A couple things to note:

  1. This command automatically creates an indicator variabel called _fillin that keeps track of observations that were created from the command
  2. Variables not specified in the fillin are filled in with a missing value. So after you run fillin you will need to go back and replace observations as you see appropriate. For example, for typically constant variables such as gender you could replace this new missing value to match the one above it.
sort ID Survey_Round
replace Gender = Gender[_n-1] if ID == ID[_n-1] & _fillin == 1 

labeldup

labeldup is a user-written command that compares value labels which have duplicate contents. For example, if in your dataset the variable q1 has a value label named q1_label with 0 "No" 1 "Yes" and the variable q2 has the same value label (the SurveyCTO standard). By using labeldup, select, the q1 and q2 will be combined to a single value label that describes both variables. This is an easy way to cut down on duplicate information in value labels.

labelrename

This user-written command allows you to rename value labels using similar syntax to the rename command. Stata does not allow you to rename value labels using the label values command. This command adds that functionality with the similar syntax as the rename comman. One difference is that no wildcards are allowed.

levelsof

This command will provide you with a list of all of the unique values of a variable. This comes in handy all of the time when cleaning. A very helpful option that comes with this command is local() in which you can store the list of values as a local.

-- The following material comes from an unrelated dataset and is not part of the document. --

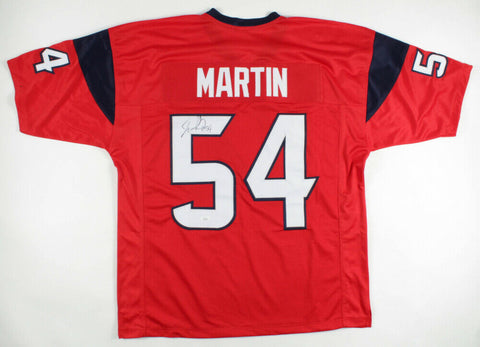 Jacob Martin Signed Houston Texan Jersey (JSA Holo) Ex Temple Owls Defensive End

This makes looping through all of the values of a variable possible and easy.

lookfor

This command searches across all variable names and variable labels, and allows for searching for more than one string or a phrase through the use of "[string]". Since lookfor searches across both variable names and variable labels at the same time, it will return a different set of results than ds can.

missings

This is not a built-in Stata command and thus you will need to type ssc install missings to get this command before you can use it or read the help file.

This group of commands allows for several ways to investigate the missing values in variables. Missing values are typically forgotten about or ignored, but that is a big mistake. They can complicate cleaning and analysis greatly. You should be aware of the missing values and variables in your dataset. This command includes ways to report, list, tag, and drop missing values and variables.

A very helpful command within this group is missings dropvars which allows you to eliminate variables that are missing on all observations. This is much easier than looping through vars and obs to assert they are missing to drop them.

mmerge

This is not a built-in Stata command and can be installed by typing ssc install mmerge.

mmerge provides additional options for merge that make merging datasets more user friendly by removing a signfiicant amount of preprocessing work for complex datasets:

  • It allows for missing values in the match variable and let’s the user determine how they are treated with the missing() option.
  • It allows for differing merge variable names with the umatch() option
  • It allows for all merged variables from the using file to be prefixed as part of the merge with the uname() option
  • It stores shared variable names that are not merged in a local r(common)

There are a number of other options and syntax changes. You can see these by typing help mmerge once mmerge is installed.

return list

This command allows you to see all of the stored results in working memory and their value. For example, if you ran summarize [variarble], the return list command would show all of the scalars stored by summarize. In this case that would be r(N), r(sum_w), and r(sum). Similar commands also allow you to see estimation and system commands using ereturn list and creturn list. The help file (help return list) shows more options.

sencode

This is not a built-in Stata command and can be installed by typing ssc install sencode.

sencode makes a number of improvements on the Stata command encode by including a options that allow you to replace the string variable with the numeric variable and set the order of encded values in a user-specified ways, among other user-friendly additions.